Australian anti-immigration firebrand Pauline Hanson on Sunday said she has abandoned plans to move to Britain because "it's overrun with immigrants and refugees".
Hanson, the former One Nation party chief who famously warned that Australia was at risk of being "swamped by Asians", said France was also inundated with foreigners and she had decided to stay in Australia.
"I love England but so many people want to leave there because it's overrun with immigrants and refugees," Hanson, 56, told the Sun Herald newspaper
"France is becoming filled with Muslims and the French and English are losing their way of life because they're controlled by foreigners."

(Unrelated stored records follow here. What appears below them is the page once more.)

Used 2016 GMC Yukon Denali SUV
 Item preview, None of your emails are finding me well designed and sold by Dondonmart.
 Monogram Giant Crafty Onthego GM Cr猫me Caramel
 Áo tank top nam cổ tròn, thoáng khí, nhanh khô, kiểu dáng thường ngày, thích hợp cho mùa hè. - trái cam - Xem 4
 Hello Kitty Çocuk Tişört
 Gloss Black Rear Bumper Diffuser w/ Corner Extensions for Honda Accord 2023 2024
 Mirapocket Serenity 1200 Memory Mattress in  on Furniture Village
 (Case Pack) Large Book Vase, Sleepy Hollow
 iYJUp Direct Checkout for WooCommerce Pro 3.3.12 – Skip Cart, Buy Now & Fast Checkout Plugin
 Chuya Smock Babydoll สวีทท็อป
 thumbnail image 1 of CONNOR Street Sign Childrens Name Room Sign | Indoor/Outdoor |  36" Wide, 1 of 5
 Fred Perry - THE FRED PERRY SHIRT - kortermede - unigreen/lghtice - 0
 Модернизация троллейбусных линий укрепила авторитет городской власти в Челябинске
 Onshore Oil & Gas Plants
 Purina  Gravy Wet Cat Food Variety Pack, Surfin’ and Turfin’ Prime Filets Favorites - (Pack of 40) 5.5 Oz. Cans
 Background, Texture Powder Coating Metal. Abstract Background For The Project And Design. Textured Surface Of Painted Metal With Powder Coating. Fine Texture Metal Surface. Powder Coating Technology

The former fish and chip shop owner in February announced she was emigrating to Britain due to disillusionment with Australia's immigration and trade policies.
The far-right British National Party said Hanson would be "very welcome" in their party, lamenting the "politically correct intimidation and bullying" which had driven her from her home country.
But after a 10-week tour of Europe Hanson said she had decided life in Australia was not so bad.
"Problems are worse over there than they are in Australia," she said.
"Australia is still the best place in the world to live, (though) the same sorts of awful things are happening here too."
Hanson drew international condemnation but briefly won domestic support in the 1990s with her anti-immigration and trade protection policies, before losing her seat in 1998.
She spent several weeks in jail in 2003 for fraudulently spending electoral funds before the judgement was overturned.
In 2007, she ran unsuccessfully for a national Senate seat, switching her target from Asians to Islam and calling for an end to immigration by Muslims to protect "Australian culture".
Last year, Hanson blamed her failure in the Queensland state election on the publication of raunchy photos purportedly taken by an ex-boyfriend. The pictures turned out to be of another woman.
Hanson also hinted at a return to politics, saying she had "constantly" been encouraged by well-wishers in Europe.
"I still haven't got politics out of my system," she said.